Construído sob polêmica e a desconfiança de estar em marcha um elefante branco, o Dragão transformou a cena cultural na virada do século, mas não resistiu ao descaso na gestão aliado ao entorno precarizado historicamente. Não é possível a falada requalificação se não houver melhora das condições de vida e moradia da população local – notadamente o Poço da Draga. Escondida atrás da antiga alfândega, a comunidade pobre só deixa de ser invisível para o conjunto da cidade quando é responsabilizada pelos crimes que ali acontecem. Jamais foi integrada à biblioteca pública ali perto. Não foi levada em conta na instalação do Dragão e até houve tentativa de removê-la na época em que se pretendia instalar um centro de eventos dentro do mar.

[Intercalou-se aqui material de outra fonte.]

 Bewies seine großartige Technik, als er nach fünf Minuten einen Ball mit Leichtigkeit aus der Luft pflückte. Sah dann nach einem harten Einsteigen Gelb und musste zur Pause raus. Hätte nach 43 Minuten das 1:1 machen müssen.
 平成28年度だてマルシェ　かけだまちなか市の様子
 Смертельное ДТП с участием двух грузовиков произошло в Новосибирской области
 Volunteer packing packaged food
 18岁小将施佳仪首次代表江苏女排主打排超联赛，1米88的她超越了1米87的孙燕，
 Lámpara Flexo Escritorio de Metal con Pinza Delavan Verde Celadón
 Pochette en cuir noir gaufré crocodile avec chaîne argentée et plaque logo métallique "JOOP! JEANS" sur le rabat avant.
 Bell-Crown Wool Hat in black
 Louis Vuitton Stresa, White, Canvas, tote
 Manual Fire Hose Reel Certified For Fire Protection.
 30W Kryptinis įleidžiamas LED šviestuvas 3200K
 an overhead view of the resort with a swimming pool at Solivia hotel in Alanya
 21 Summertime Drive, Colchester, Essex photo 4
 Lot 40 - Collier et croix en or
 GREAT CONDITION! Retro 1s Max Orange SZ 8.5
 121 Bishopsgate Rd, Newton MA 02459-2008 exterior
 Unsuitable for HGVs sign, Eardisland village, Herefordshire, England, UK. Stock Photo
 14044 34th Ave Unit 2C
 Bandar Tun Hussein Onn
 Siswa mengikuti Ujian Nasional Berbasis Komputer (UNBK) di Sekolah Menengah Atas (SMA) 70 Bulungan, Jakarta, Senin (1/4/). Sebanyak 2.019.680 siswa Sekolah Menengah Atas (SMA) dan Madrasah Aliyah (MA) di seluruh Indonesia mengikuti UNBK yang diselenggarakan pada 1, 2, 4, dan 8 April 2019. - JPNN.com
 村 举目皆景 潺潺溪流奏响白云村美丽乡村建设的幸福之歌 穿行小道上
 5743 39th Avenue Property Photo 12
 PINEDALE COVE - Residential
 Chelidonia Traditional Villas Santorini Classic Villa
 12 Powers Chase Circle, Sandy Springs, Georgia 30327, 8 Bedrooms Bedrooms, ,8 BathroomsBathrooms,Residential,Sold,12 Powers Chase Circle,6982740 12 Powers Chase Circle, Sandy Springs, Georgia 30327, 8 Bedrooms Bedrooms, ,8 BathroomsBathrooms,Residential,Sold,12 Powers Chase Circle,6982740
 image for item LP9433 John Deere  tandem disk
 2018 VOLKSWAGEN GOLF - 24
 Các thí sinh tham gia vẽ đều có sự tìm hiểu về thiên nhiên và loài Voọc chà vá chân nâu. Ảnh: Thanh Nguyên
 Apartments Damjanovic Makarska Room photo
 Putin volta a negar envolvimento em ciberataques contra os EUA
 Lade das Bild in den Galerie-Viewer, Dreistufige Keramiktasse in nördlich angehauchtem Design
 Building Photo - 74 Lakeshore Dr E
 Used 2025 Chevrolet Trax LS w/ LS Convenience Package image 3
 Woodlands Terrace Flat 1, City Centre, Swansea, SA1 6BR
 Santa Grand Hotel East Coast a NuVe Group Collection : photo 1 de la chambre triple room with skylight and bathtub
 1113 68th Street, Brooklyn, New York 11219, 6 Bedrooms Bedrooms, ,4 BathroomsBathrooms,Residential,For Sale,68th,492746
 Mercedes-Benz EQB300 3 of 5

Enquanto os habitantes das redondezas, sobretudo em contexto de exclusão e contrastes sociais e econômicos, forem considerados pedaços apartados de megaempreendimentos, promessas de requalificação permanecerão palavras ao vento. Quanto ao Dragão, recuperar usos e espaços não basta e nem mesmo é o principal. É imperativo haver melhoria das condições de vida no local, garantir acesso a serviços públicos de qualidade e fazer com que a comunidade seja e se sinta parte.
Construir equipamento ou promover evento não é passe de mágica para requalificação urbana. A cada zona portuária de Barcelona - paradigma de soerguimento nas Olimpíadas de 1992 - há milhares de fracassos. Separados por uma avenida, hoje Caixa Cultural e Centro Dragão do Mar não constituem um todo integrado. Estão apartados pelo medo e pela deterioração. Quando e se o aquário sair, será igualmente incapaz de transformar o espaço se não houver ênfase, estratégia e trabalho nessa direção. Corre o risco de ser outro pedaço apartado num conjunto de abandono salpicado de velhas e novas joias do poder público, cercadas de miséria e degradação por todos os lados.